Spectral Classification Based on Deep Learning Algorithms

Convolutional neural networks (CNN) can achieve accurate image classification, indicating the current best performance of deep learning algorithms. However, the complexity of spectral data limits the performance of many CNN models. Due to the potential redundancy and noise of the spectral data, the standard CNN model is usually unable to perform correct spectral classification. Furthermore, deeper CNN architectures also face some difficulties when other network layers are added, which hinders the network convergence and produces low classification accuracy. To alleviate these problems, we proposed a new CNN architecture specially designed for 2D spectral data.
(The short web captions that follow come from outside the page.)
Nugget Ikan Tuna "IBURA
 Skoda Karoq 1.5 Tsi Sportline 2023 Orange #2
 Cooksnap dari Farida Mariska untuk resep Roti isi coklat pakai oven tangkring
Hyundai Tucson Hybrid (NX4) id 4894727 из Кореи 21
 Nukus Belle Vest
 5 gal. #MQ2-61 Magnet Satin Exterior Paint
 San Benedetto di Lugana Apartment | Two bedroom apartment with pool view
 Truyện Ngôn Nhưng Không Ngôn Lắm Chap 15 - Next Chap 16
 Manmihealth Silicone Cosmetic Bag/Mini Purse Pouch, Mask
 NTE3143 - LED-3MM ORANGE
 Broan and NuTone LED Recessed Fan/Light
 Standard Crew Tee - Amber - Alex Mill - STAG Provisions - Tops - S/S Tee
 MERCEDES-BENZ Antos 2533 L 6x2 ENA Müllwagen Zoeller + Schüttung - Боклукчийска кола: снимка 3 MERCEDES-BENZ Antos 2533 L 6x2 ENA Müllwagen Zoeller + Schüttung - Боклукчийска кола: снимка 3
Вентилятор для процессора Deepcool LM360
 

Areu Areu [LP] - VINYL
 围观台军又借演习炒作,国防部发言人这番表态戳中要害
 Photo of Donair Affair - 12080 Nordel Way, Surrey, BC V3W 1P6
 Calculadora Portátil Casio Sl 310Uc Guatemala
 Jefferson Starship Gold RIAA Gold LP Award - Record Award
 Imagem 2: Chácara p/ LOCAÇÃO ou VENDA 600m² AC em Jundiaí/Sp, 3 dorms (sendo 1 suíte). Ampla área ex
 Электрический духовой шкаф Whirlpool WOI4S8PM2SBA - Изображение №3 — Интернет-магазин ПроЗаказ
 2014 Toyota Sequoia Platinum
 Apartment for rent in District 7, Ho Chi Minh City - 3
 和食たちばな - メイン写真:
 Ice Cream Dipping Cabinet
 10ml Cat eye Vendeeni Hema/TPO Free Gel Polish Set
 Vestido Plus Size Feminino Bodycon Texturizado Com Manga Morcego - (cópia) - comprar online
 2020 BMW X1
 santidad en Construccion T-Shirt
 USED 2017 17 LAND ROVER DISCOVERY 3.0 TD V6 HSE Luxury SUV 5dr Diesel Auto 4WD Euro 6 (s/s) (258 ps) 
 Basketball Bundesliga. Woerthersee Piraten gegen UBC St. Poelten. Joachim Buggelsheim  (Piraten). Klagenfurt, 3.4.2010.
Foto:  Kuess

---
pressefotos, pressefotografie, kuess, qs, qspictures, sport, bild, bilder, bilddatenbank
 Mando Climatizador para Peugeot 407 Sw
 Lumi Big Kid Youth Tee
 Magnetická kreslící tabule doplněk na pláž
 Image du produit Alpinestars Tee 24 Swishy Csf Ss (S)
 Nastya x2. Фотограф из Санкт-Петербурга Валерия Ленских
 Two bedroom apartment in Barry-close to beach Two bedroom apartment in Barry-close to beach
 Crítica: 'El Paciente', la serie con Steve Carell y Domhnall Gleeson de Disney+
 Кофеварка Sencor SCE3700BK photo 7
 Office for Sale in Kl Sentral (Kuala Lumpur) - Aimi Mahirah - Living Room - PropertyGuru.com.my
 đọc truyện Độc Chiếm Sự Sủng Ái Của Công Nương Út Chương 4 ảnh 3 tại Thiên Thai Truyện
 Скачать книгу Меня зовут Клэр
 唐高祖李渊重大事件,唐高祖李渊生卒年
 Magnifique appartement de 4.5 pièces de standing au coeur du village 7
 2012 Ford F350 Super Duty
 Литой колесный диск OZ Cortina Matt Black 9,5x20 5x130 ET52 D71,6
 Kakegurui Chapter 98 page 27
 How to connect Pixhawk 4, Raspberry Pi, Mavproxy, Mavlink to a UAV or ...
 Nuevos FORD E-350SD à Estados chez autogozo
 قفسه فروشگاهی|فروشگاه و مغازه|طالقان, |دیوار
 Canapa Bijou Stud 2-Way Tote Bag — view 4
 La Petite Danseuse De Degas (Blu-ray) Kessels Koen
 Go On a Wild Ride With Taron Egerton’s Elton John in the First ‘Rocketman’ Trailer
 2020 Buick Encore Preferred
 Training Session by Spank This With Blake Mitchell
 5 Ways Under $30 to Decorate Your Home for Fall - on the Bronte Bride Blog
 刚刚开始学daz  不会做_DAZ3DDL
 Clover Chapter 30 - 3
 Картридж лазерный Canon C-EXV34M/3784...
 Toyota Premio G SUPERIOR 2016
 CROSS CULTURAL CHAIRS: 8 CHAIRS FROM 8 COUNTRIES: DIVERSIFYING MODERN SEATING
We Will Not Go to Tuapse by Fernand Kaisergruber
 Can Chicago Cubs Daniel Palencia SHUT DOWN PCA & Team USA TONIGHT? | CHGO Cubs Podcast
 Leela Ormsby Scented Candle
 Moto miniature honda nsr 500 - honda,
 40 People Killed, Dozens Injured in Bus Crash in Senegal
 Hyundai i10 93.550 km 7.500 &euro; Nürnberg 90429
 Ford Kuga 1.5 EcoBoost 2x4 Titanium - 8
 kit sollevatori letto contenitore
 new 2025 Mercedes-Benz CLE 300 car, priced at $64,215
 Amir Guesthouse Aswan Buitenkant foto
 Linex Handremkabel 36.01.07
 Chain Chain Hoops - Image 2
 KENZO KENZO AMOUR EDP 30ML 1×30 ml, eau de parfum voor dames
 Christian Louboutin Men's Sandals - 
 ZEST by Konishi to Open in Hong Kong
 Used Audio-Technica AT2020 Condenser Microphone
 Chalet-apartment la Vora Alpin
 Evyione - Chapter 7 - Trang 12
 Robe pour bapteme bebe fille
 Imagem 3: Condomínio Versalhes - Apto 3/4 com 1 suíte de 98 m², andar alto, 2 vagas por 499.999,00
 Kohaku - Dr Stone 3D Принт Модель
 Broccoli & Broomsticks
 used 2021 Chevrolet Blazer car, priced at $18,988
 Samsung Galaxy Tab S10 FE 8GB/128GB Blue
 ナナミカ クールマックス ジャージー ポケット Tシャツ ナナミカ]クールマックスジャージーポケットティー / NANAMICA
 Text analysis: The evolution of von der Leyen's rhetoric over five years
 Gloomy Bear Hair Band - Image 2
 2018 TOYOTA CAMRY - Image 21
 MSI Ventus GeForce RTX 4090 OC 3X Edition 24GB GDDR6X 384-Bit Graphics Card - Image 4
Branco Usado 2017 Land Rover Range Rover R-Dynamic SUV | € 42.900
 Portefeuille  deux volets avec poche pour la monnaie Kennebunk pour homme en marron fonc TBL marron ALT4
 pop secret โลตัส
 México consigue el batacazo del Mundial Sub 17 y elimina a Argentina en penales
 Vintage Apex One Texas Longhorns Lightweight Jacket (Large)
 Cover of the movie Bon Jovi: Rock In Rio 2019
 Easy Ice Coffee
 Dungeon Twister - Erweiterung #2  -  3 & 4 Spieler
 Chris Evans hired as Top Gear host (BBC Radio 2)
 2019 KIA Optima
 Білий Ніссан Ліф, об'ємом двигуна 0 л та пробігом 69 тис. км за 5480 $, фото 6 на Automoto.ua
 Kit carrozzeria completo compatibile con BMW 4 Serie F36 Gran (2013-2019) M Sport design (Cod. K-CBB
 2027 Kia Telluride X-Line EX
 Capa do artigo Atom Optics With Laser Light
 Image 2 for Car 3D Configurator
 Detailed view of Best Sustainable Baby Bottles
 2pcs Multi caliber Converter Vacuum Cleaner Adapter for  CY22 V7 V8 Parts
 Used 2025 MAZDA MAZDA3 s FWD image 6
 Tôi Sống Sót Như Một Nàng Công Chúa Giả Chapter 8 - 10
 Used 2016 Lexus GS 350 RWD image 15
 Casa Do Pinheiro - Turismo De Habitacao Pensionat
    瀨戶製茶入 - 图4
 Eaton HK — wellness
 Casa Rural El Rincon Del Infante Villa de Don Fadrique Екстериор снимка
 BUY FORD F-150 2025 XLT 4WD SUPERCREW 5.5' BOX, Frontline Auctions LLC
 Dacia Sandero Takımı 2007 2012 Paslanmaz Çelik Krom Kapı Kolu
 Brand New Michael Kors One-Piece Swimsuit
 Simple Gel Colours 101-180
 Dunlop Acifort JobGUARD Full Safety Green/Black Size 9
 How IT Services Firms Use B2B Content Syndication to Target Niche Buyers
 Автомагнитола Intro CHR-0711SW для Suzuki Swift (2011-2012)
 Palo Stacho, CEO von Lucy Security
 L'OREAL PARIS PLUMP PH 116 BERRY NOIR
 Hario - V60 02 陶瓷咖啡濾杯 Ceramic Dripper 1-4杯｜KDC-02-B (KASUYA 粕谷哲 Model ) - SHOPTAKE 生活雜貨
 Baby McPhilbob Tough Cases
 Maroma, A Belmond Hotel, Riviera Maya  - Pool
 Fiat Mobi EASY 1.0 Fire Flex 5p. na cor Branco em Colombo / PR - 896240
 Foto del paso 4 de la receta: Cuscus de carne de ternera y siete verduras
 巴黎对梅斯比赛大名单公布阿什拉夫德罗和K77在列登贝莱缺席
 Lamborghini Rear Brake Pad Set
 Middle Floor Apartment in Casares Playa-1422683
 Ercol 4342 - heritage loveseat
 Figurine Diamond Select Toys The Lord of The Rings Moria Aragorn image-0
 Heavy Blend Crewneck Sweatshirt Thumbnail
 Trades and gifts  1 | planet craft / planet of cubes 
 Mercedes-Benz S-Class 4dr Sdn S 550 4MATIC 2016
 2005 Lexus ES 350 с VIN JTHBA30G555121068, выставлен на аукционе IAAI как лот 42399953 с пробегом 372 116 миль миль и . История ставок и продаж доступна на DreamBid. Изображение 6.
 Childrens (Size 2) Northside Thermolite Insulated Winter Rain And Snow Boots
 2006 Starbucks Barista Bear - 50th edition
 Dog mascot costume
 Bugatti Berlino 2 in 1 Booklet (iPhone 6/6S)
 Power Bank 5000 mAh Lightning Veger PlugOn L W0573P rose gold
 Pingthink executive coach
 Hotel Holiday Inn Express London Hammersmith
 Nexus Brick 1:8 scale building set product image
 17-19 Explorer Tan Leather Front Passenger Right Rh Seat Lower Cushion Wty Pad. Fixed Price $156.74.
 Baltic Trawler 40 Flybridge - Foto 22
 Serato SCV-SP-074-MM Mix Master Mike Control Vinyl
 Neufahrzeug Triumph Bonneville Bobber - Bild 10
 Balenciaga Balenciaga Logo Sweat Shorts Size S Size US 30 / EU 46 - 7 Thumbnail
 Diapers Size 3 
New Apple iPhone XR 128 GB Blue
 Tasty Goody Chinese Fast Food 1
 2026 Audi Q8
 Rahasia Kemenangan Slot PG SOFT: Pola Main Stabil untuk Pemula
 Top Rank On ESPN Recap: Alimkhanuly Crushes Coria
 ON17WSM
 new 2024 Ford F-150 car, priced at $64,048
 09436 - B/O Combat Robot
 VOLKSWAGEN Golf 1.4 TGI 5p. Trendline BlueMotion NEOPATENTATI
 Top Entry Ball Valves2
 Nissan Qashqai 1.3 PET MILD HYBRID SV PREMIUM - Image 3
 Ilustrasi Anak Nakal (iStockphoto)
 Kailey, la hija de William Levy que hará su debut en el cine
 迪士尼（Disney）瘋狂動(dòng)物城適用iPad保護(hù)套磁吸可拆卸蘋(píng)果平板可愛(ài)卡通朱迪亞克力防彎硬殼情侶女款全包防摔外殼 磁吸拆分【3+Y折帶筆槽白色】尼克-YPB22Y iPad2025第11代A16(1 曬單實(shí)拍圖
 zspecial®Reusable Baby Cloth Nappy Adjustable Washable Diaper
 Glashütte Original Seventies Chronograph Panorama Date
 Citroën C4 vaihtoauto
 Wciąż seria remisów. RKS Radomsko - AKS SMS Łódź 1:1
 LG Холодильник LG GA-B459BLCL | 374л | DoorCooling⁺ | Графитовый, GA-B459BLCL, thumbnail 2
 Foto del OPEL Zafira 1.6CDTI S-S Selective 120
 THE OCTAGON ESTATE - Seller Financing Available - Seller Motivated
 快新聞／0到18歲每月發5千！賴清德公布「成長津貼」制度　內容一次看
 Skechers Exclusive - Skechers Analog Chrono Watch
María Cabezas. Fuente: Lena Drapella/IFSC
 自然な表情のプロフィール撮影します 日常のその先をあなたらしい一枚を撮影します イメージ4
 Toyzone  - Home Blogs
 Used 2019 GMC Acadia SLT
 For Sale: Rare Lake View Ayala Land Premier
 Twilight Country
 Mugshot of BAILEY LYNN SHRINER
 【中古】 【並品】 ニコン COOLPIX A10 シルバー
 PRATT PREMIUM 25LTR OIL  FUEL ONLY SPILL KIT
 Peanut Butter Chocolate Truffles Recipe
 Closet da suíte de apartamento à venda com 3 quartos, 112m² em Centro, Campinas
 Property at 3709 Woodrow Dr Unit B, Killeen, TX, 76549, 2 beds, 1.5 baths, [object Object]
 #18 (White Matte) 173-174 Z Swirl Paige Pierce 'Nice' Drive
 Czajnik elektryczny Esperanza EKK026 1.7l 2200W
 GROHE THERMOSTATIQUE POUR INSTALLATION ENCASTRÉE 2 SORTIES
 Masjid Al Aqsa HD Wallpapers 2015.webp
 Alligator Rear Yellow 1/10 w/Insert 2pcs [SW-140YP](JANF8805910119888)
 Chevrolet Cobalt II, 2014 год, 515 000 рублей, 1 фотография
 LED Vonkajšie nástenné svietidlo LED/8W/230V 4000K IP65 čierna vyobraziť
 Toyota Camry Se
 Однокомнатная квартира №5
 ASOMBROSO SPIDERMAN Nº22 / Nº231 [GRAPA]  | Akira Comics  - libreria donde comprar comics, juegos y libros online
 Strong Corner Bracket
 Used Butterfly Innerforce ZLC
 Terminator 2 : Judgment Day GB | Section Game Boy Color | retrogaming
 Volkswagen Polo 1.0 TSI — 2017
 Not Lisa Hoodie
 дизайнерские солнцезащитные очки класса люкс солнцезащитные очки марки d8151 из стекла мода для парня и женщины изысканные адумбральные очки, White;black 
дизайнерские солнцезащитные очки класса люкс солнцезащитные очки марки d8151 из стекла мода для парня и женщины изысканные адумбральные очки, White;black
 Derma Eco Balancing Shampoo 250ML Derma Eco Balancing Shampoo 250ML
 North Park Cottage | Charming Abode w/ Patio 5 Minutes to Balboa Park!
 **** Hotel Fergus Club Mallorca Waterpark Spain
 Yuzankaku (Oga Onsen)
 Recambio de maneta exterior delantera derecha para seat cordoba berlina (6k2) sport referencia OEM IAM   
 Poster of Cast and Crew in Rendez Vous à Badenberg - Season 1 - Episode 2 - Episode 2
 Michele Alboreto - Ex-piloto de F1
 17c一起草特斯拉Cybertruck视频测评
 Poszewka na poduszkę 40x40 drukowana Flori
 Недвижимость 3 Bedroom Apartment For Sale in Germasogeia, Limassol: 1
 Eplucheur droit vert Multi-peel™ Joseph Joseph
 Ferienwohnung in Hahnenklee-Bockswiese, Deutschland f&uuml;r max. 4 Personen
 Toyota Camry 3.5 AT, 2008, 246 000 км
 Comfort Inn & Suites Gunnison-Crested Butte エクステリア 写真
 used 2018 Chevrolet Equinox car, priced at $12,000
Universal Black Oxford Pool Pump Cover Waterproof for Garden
Firstly, we collected the reflectance spectra of five samples using a portable optical fiber spectrometer and converted them into 2D matrix data to adapt to the deep learning algorithms' feature extraction. Secondly, the number of convolutional layers and pooling layers were adjusted according to the characteristics of the spectral data to enhance the feature extraction ability. Finally, the discard rate selection principle of the dropout layer was determined by visual analysis to improve the classification accuracy. Experimental results demonstrate our CNN system, which has advantages over the traditional AlexNet, Unet, and support vector machine (SVM)-based approaches in many aspects, such as easy implementation, short time, higher accuracy, and strong robustness.